We saw both a strong earnings impulse, with technology performing particularly well, and at the same time an energy sector that outperformed on the back of higher oil prices. When technology and energy lead, the US benefits the most. Europe, in contrast, continued to lag and traded roughly sideways. This is also consistent with the recent macro data, which increasingly suggest that Europe is suffering materially more from the war in Iran than the US.
It is worth noting that both the S&P 500 and Nasdaq reached new all-time highs on Friday, while the Nikkei 225 is making a new all-time high this morning. On rotations, the divergence continues to increase. Even though energy performed well last week, the technology sector has outperformed energy by around 20% over the past month.

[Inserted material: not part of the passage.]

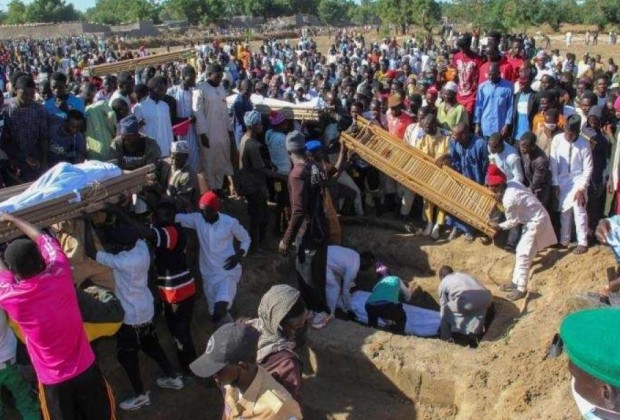 Celebração do funeral dos mortos no massacre em Zabarmari. Foto: Le Matin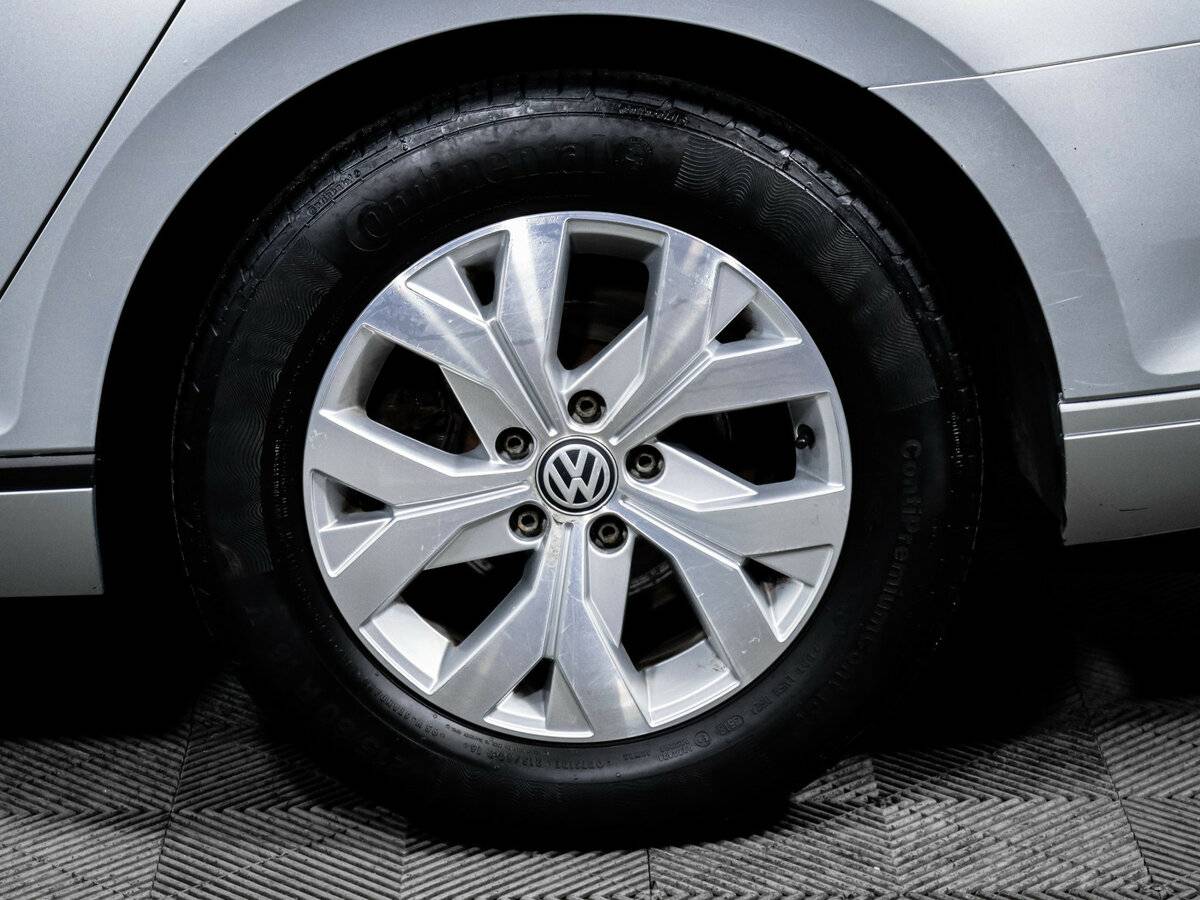 Volkswagen Passat с пробегом — 2017 год. Фото: #13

With the US close on Friday, semiconductors had risen for 18 consecutive trading days in the US(!). That illustrates very clearly the powerful underlying technology story that continues to unfold despite the war.
This morning, Asian markets are higher once again, led by South Korea and Taiwan, which are up roughly 60% and 35% year-to-date, respectively. We have said this many times before, and you know one of our key fundamental allocation points: sector allocation is crucial for how to think about regional allocation. If that was not obvious before, it certainly is this year.
European futures are also higher this morning. Tech-heavy Nasdaq futures are trading higher, while Dow Jones futures are slightly lower.
FI and FX: An important central bank week awaits with meetings (in order) from the BoJ, BoC, FOMC, BoE and the ECB. With the conflict in the Middle East entering its 9th week, the central bankers are forced to give their assessment on the experienced impact and their expectations going forward. The week starts light on macro releases but later this week we will get EA HICP and US Q1 flash GDP as wells as important data from Norway and Sweden. Markets in Asia open the week with a constructive risk-on sentiment despite oil prices remaining at the elevated levels from last Friday (June Brent Oil contract at USD106.6 this morning).